UPA 24 Horas

Saúde de qualidade: mais que necessidade, um direito do cidadão

Santa Catarina, São Paulo, Pernambuco, Acre e Minas Gerais. Estes são apenas alguns dos estados que receberam, nos últimos três anos, aquele que é considerado um dos mais eficientes modelos de emergência hospitalar: a Unidade de Pronto Atendimento 24 horas, as UPAs. Idealizadas no Rio de Janeiro pelo governo Sérgio Cabral, elas já estão presentes em outros estados brasileiros e até no exterior, na Argentina.

A primeira UPA foi construída no conjunto de favelas da Maré, em 2007. O modelo criou uma malha de atendimento primário essencial para salvar vidas. O impacto das unidades foi imediato cujo primeiro indicador positivo foi a morte por infarto que, imediatamente, caiu pela metade nos atendimentos das UPAs.

Sempre foi repetida à exaustão a teoria sobre o esvaziamento econômico do Rio após a transferência da capital para Brasília e o enorme passivo estrutural adquirido anos depois, com a fusão com o estado da Guanabara. A Saúde foi, talvez, a parte mais sensível do processo de desmonte do estado. O sucateamento da rede pública atingiu níveis caóticos em 2004, quando foi necessário o governo Lula fazer uma intervenção federal no Rio. Por semanas a capital fluminense parecia uma praça de guerra com barracas montadas como hospitais de campanha.
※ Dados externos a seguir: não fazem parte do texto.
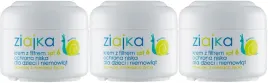3-x-ziaja-ziajka-krem-dla-dzieci-z-filtrem-spf6-50ml-lagodzi-podraznienia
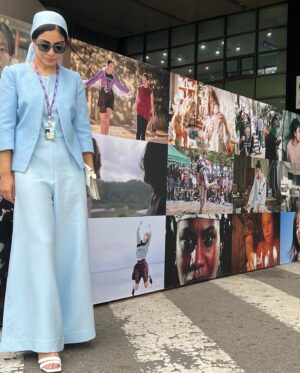 Sahra Asadollahi Instagram - #siwff 
فیلم اسپاسم به کارگردانی صحرااسدالهی در بیست و پنجمین جشنواره زنان کره جنوبی
#سئول #جشنواره #کره_جنوبی #زن #سینما #بازیگر #کارگردان #فیلم_کوتاه #ایران 
#Seoul #Southkorea #festival #woman #cinema #actress #director #shortfilm #iran🇮🇷
#women_festival 
#siwff_2020씨네페미니즘학교
Stylist:@zeenastylist
@nahidkhazaie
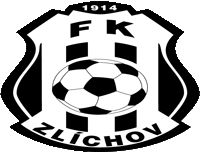 Fk_Zlichov_Eshop-fmko-cz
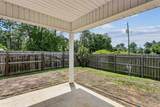 10501 Queens Gate Cir - Photo 18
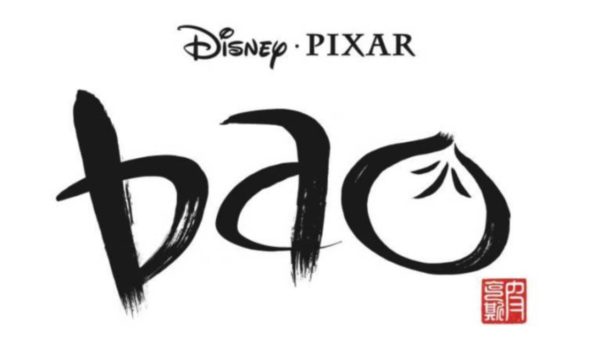 The Importance of Motherhood Shines in Disney-Pixar's short, "Bao"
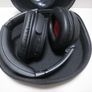 NEW >> Swiss Peak Bluetooth Headphones Image 4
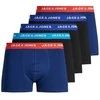 Bokserio šortai JACK &amp;amp; JONES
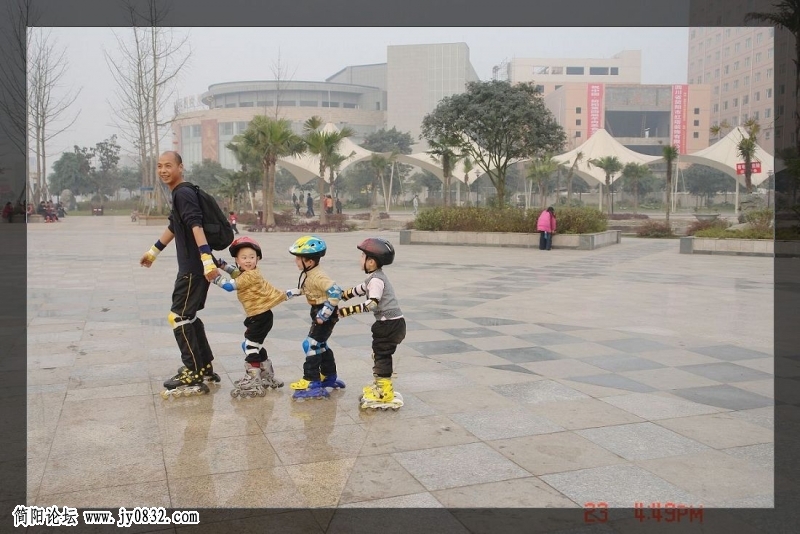 轮滑 (13).jpg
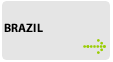 Brazil Global Company Reports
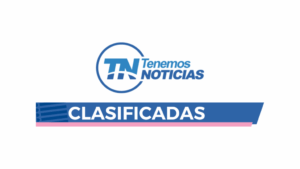 ▷ VIDEO | Letras que trascienden: Enjoy Books premió la creatividad en su concurso de microcuentos #23Abr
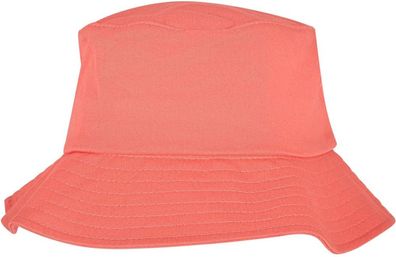 Flexfit Hut Cotton Twill Bucket Hat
Pouco a pouco, a situação vem tomando outro caminho. O difícil, mas não impossível, resgate da qualidade na saúde pública deve passar por uma completa reestruturação do sistema e as UPAs são o primeiro passo nesse sentido.
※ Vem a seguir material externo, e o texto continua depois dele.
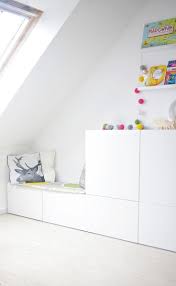 Garderobe von massivum, boden für eingangsbereich flure garderoben, garderoben selber bauen die besten ideen und diy tipps, 17 innovativ charmant garderobe in nische. Pin Auf Kid Playroom Design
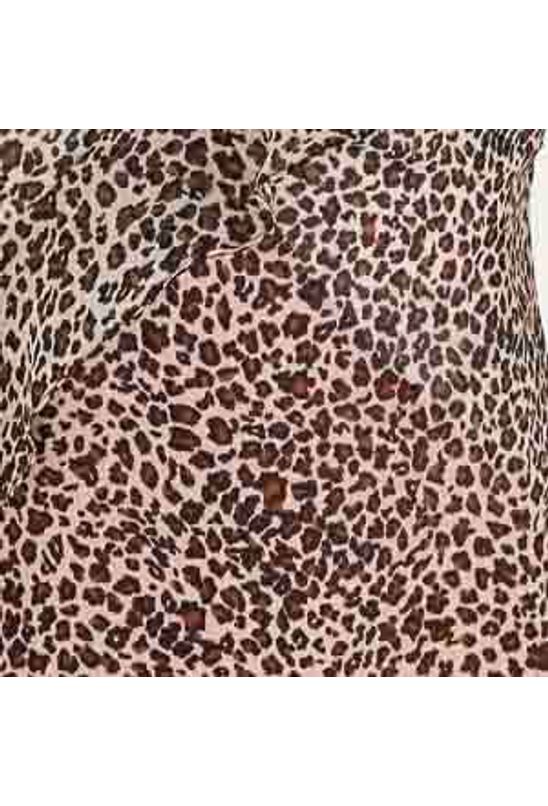 image-e78bd1ef50f44fcd98a8c2e207556d76 image-e78bd1ef50f44fcd98a8c2e207556d76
As UPAs não são a única medida para recuperar as décadas de descaso no Rio. Elas são a ponta de uma rede integrada de Saúde. A parte mais sensível, por receber todos os casos de emergência onde a rapidez na tomada de decisão pode fazer a diferença entre a vida e a morte. Passado o momento crítico, se for necessário, o paciente deve ser encaminhado a um hospital ou clínica especializada. E é esta a segunda fase do projeto já em andamento do governo do estado do Rio.

O objetivo é criar hospitais de alta complexidade e unidades específicas para tratamentos de politraumatismos e cardiologia. Além disso, haverá clínicas destinadas a atender hipertensos, diabéticos, dependentes químicos de crack, a família e a mulher. É a gestão integrada desta rede que fará toda a diferença nos próximos anos.
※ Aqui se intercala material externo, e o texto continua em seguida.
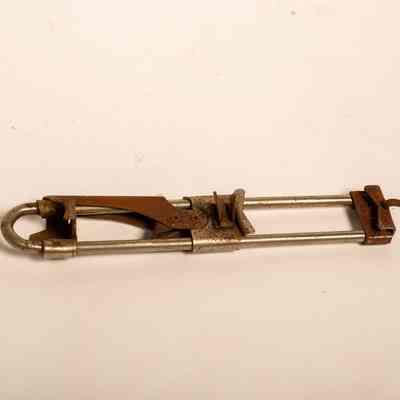 multi opener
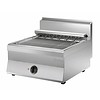 Bartscher Roostergrill Elektrisch Horeca | 80x65 cm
Os hospitais existentes deixarão de ser a única opção da população e o excesso de procura numa única unidade dará lugar à racionalização e à descentralização do atendimento.

A solução para a Saúde no Rio não é mágica. Tampouco imediata. É necessário reconstruir o que foi destruído ao longo de décadas e acrescentar novos serviços, de acordo com as modernas técnicas médicas. O processo já começou e é fundamental que continue pelos próximos anos.